* DIRECTIONS:
Go to the line containing "Crayola Super Tips" below; retype it and all following lines exactly, and leave out the pictures.

* SOURCE MATERIAL:
──────────────────────────────
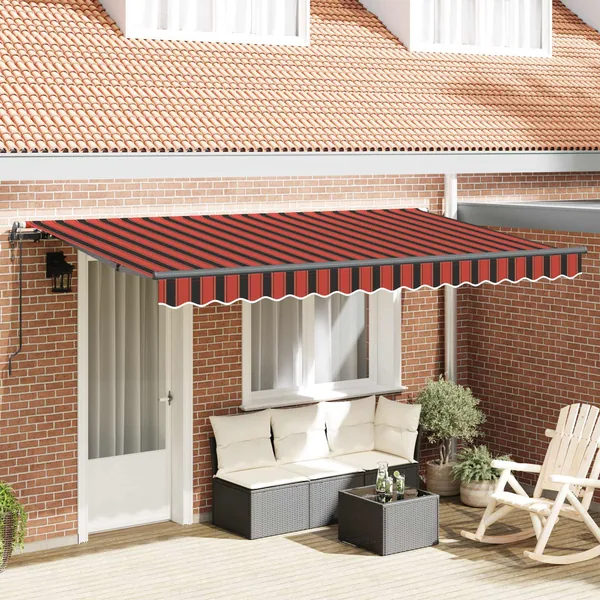 Auvent Rétractable Orange 350 x 200 cm tissu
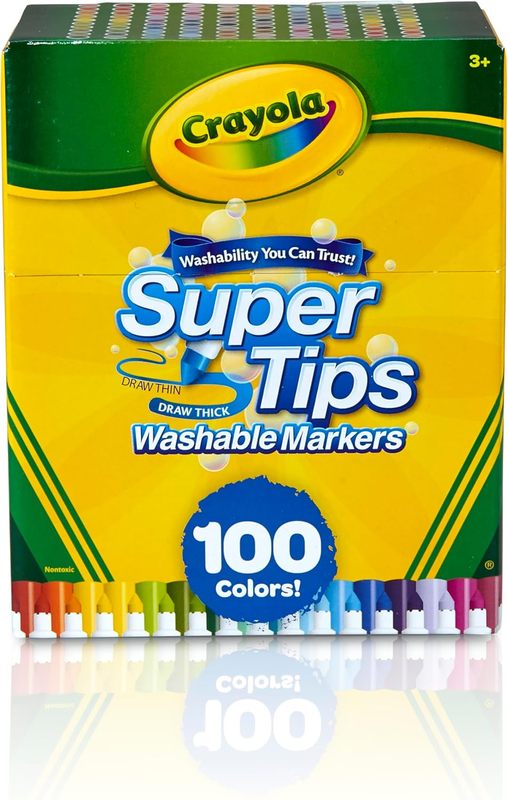 Crayola Super Tips Marker Set 100ct Washable Fine Point Markers for Kids & Adult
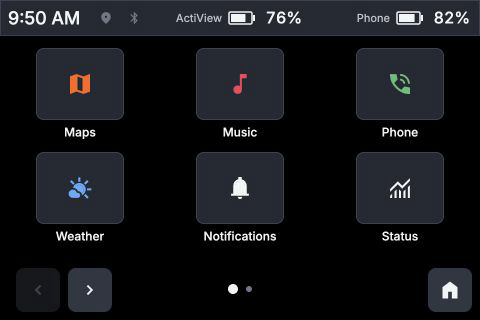 ActiView Studio app launcher with six apps, directional arrows, page dots, and Home control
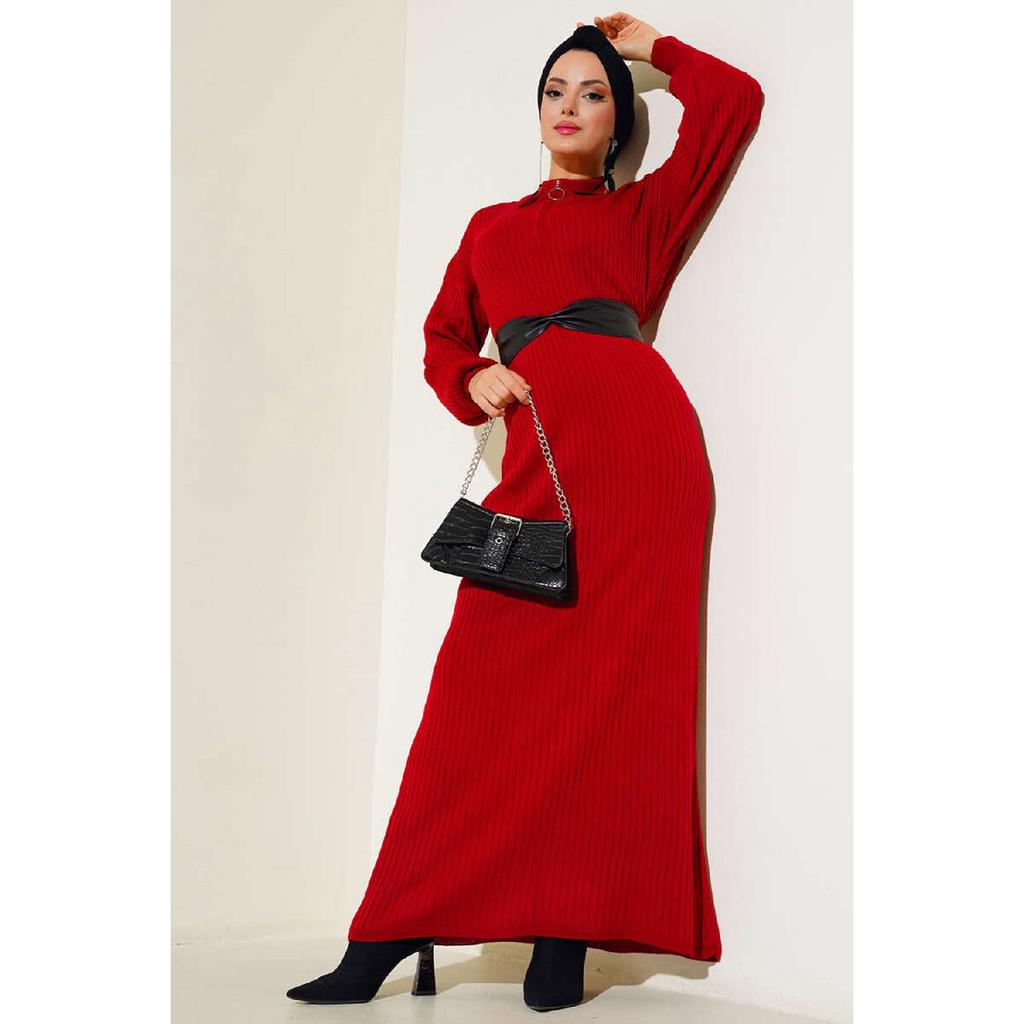 15900 Length Hijab Knitwear Dress - Black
──────────────────────────────
* YOUR RESPONSE:
 Crayola Super Tips Marker Set 100ct Washable Fine Point Markers for Kids & Adult
 ActiView Studio app launcher with six apps, directional arrows, page dots, and Home control
 15900 Length Hijab Knitwear Dress - Black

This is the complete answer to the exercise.